* **What is needed**
Without any of the pictures, print every record below exactly.
=== Begin Enclosure ===
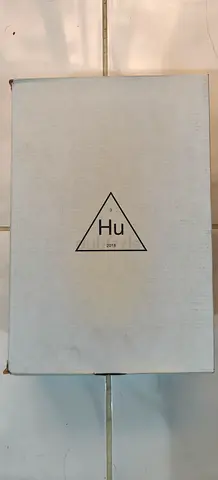 Adidas Pharrell Williams Hu NMD Animal Print Shoes with box UK 7.5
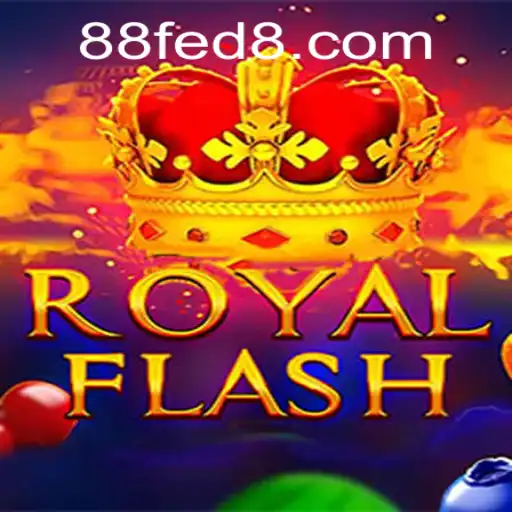 Exploring RoyalFlash: Unveiling the Intricacies of 88 FED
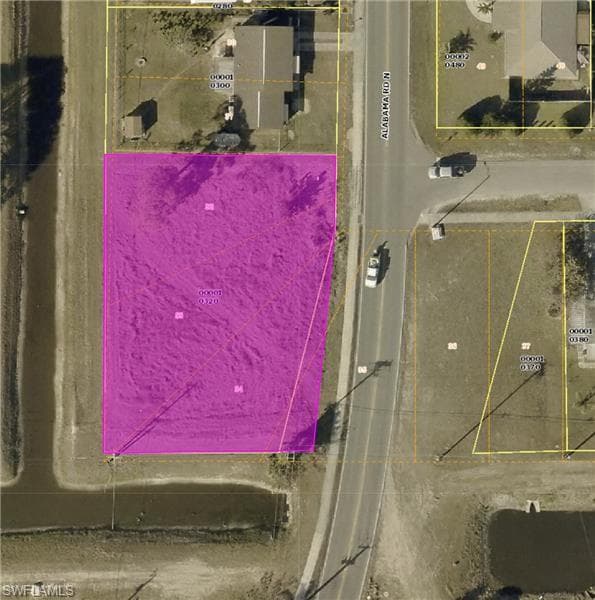 13 Alabama RD N LEHIGH ACRES, FL 33936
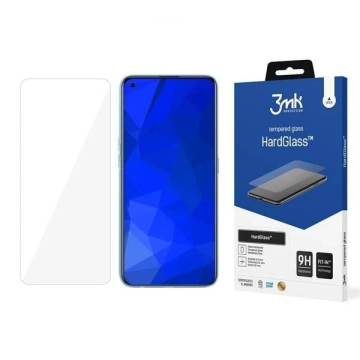Gehärtetes Glas 3MK HardGlass Samsung Galaxy S20 FE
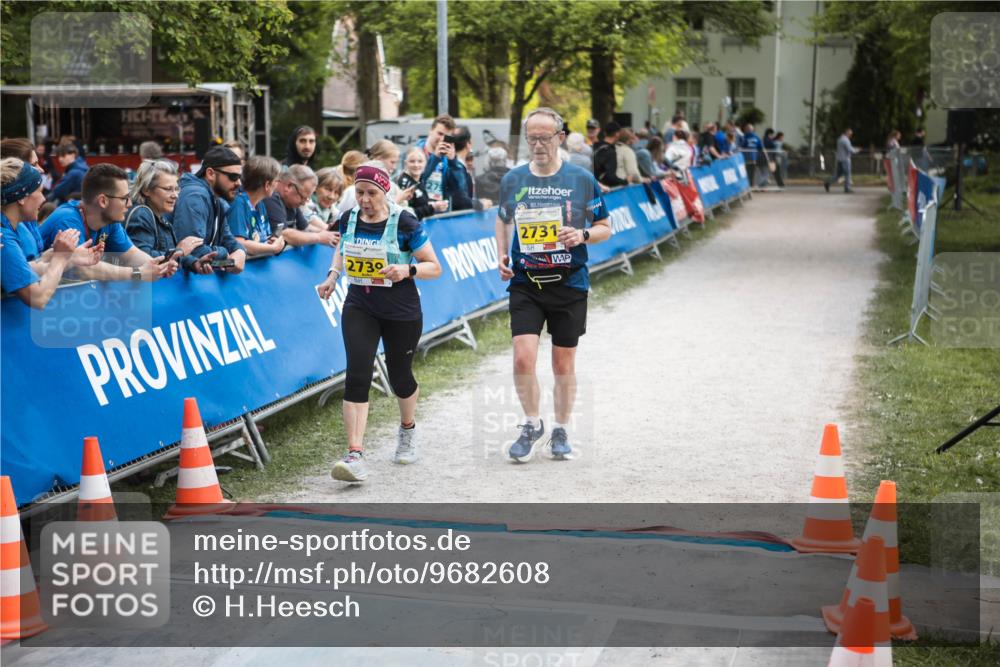 09.05.2026 - Störlauf H.Heesch http://msf.ph/oto/9682608 09.05.2026 17:57:50 Ziel 2739, 2731 meine-sportfotos.de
=== End Enclosure ===
* **Answer box**
 Adidas Pharrell Williams Hu NMD Animal Print Shoes with box UK 7.5
 Exploring RoyalFlash: Unveiling the Intricacies of 88 FED
 13 Alabama RD N LEHIGH ACRES, FL 33936
Gehärtetes Glas 3MK HardGlass Samsung Galaxy S20 FE
 09.05.2026 - Störlauf H.Heesch http://msf.ph/oto/9682608 09.05.2026 17:57:50 Ziel 2739, 2731 meine-sportfotos.de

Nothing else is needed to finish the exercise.